=== MATERIAL PROVIDED ===
········
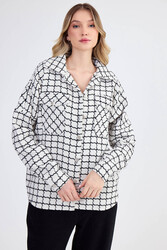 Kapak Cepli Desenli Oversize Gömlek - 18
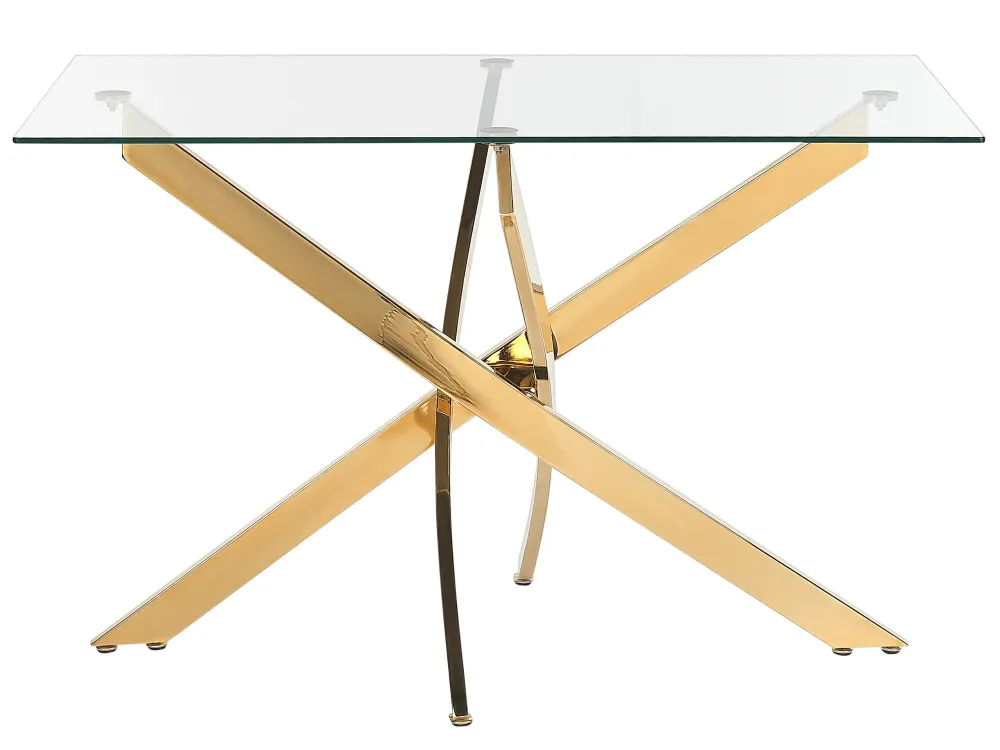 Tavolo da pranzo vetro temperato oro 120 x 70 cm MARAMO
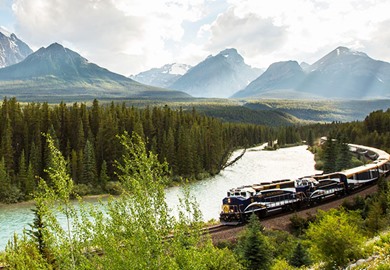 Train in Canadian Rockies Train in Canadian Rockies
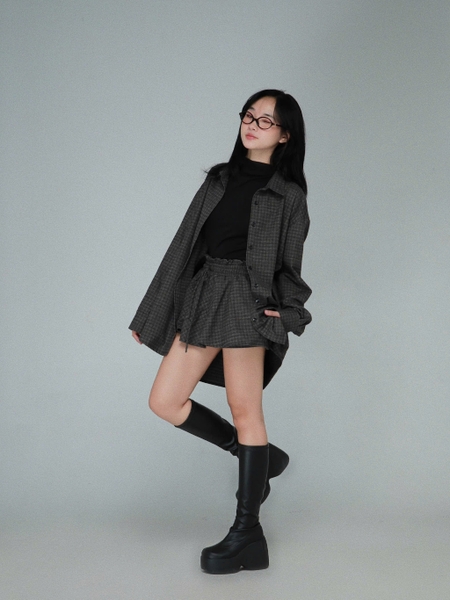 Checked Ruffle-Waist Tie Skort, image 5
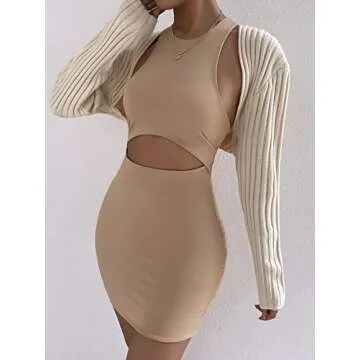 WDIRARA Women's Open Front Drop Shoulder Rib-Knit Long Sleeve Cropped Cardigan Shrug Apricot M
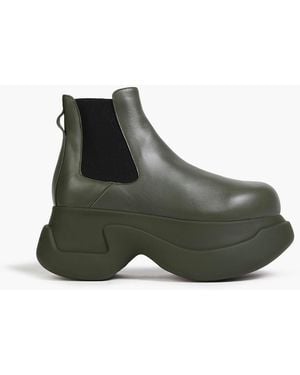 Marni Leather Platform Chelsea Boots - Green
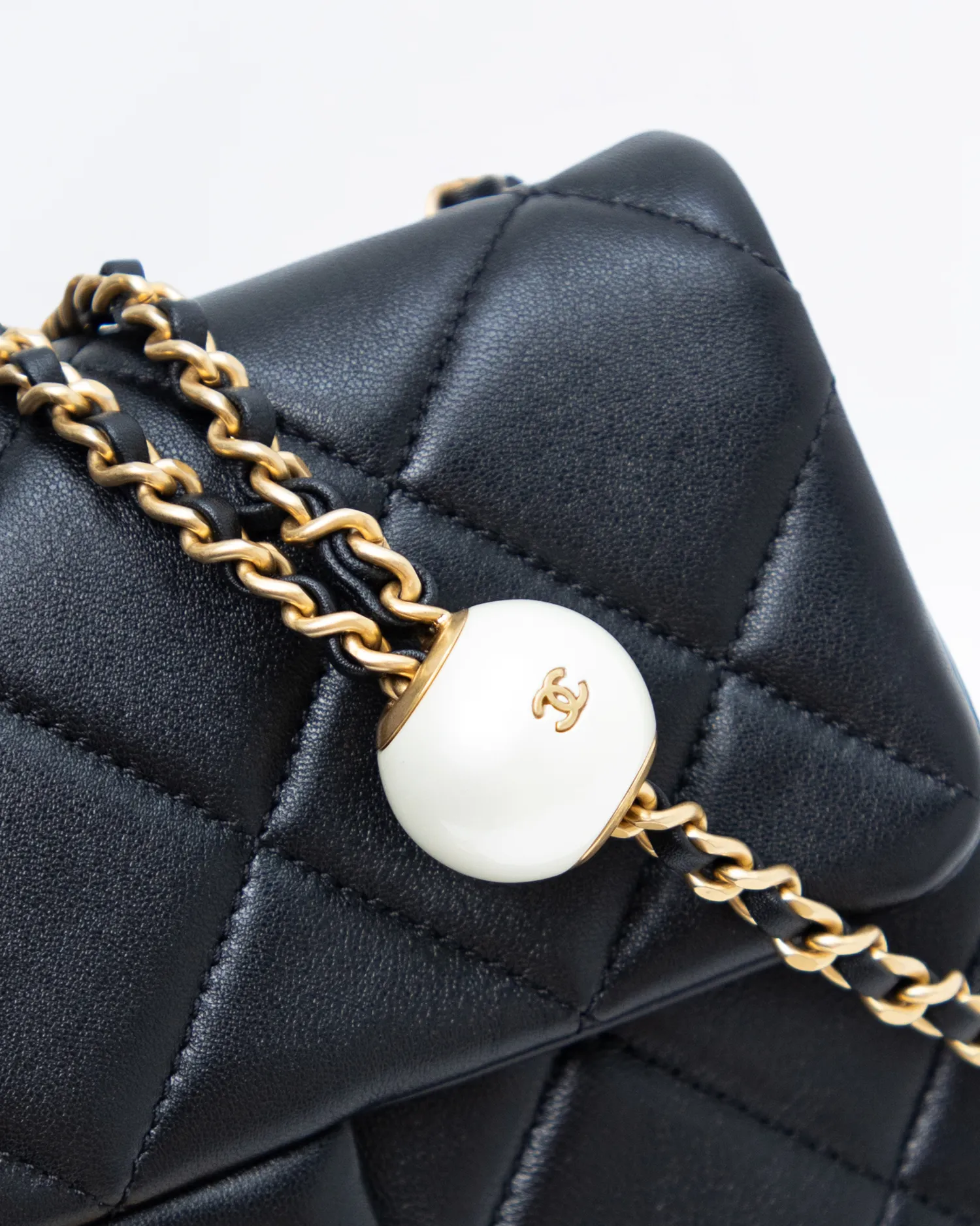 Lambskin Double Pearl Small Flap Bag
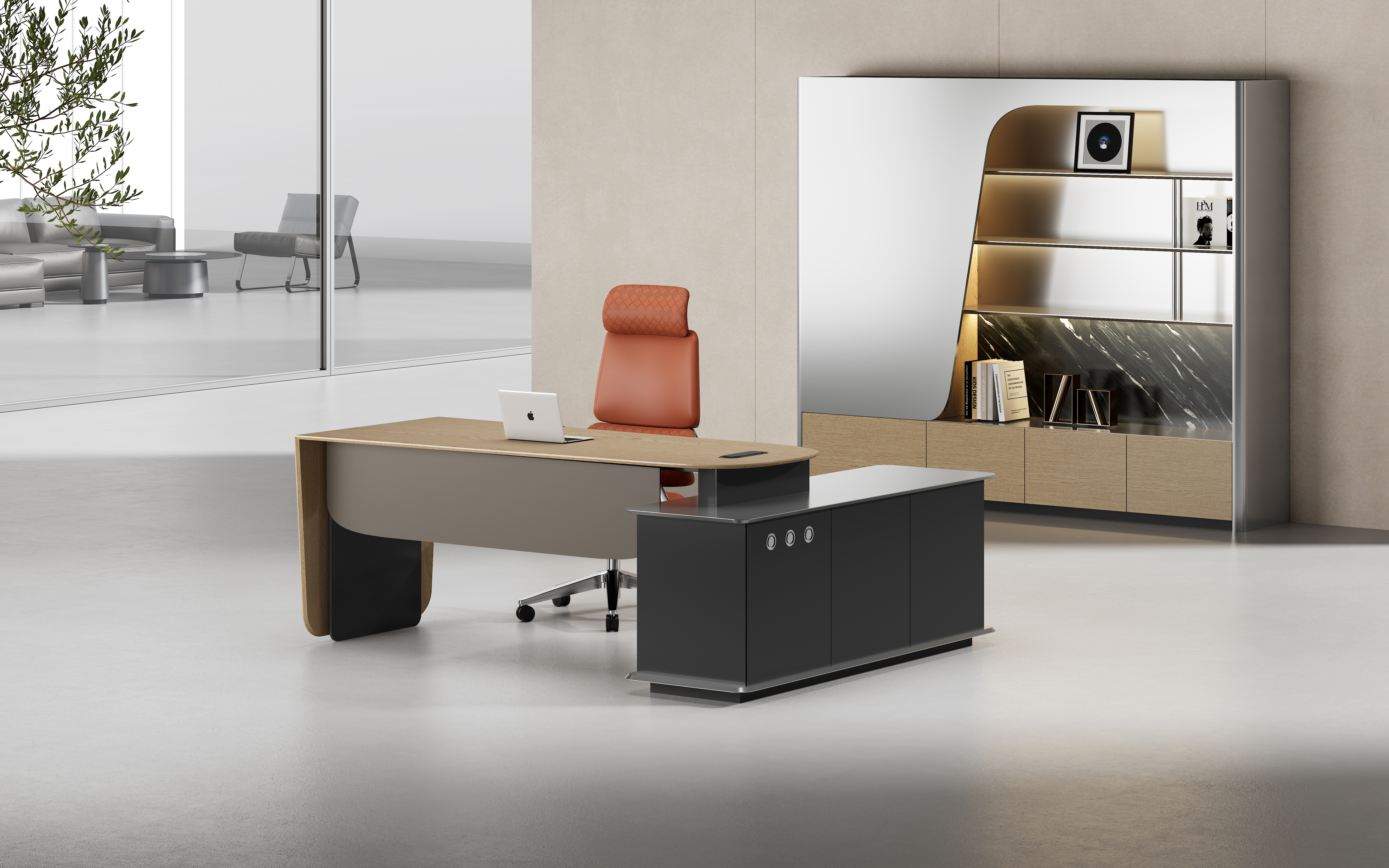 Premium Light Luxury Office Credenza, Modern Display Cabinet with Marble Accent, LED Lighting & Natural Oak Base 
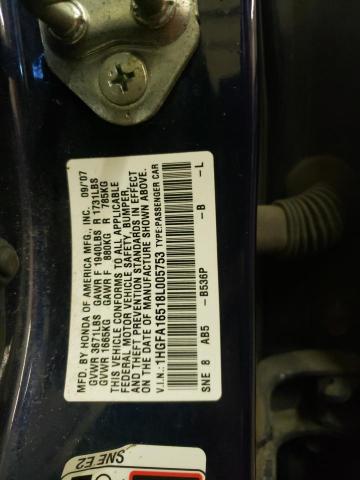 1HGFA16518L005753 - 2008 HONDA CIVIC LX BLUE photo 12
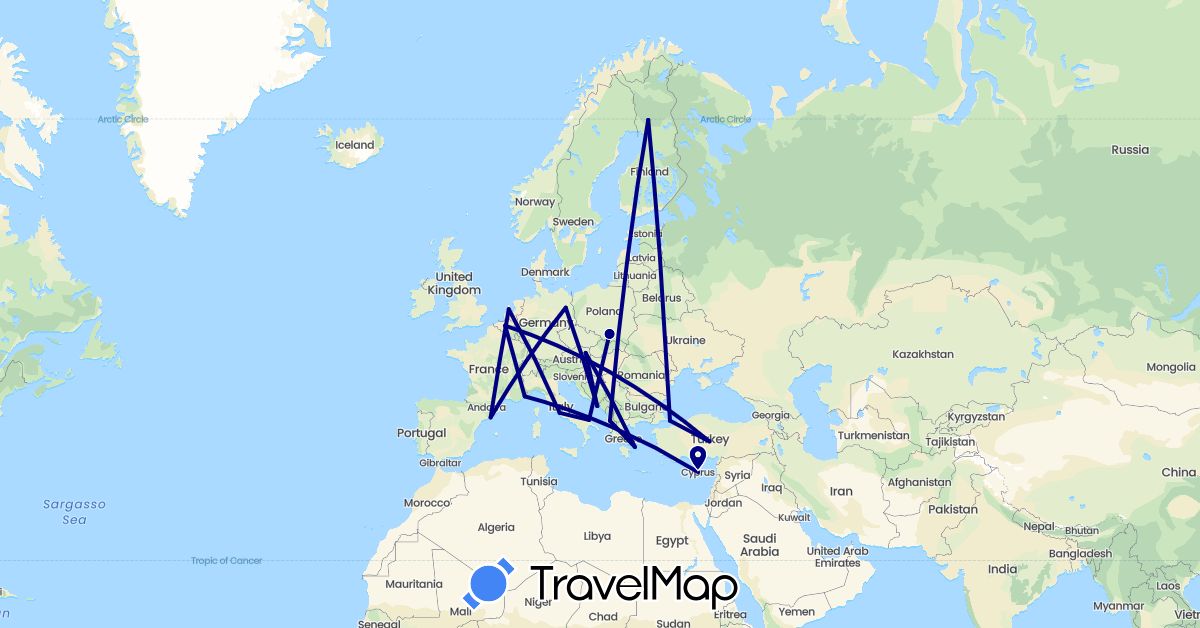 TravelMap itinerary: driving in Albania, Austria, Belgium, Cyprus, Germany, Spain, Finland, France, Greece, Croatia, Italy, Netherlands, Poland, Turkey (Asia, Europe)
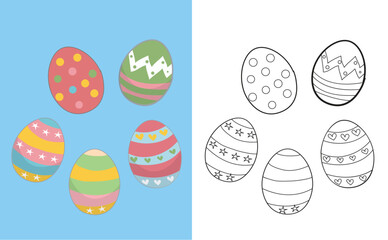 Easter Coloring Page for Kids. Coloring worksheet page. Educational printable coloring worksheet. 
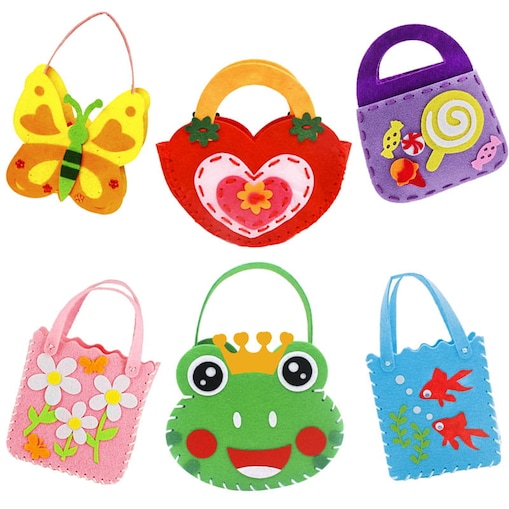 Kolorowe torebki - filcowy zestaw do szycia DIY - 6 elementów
········
=== WHAT THE TASK REQUIRES ===
The listing above is to be retyped word for word, with the pictures omitted.

=== RESPONSE FOR THIS EXERCISE ===
 Kapak Cepli Desenli Oversize Gömlek - 18
 Tavolo da pranzo vetro temperato oro 120 x 70 cm MARAMO
 Train in Canadian Rockies Train in Canadian Rockies
 Checked Ruffle-Waist Tie Skort, image 5
 WDIRARA Women's Open Front Drop Shoulder Rib-Knit Long Sleeve Cropped Cardigan Shrug Apricot M
 Marni Leather Platform Chelsea Boots - Green
 Lambskin Double Pearl Small Flap Bag
 Premium Light Luxury Office Credenza, Modern Display Cabinet with Marble Accent, LED Lighting & Natural Oak Base 
 1HGFA16518L005753 - 2008 HONDA CIVIC LX BLUE photo 12
 TravelMap itinerary: driving in Albania, Austria, Belgium, Cyprus, Germany, Spain, Finland, France, Greece, Croatia, Italy, Netherlands, Poland, Turkey (Asia, Europe)
 Easter Coloring Page for Kids. Coloring worksheet page. Educational printable coloring worksheet. 
 Kolorowe torebki - filcowy zestaw do szycia DIY - 6 elementów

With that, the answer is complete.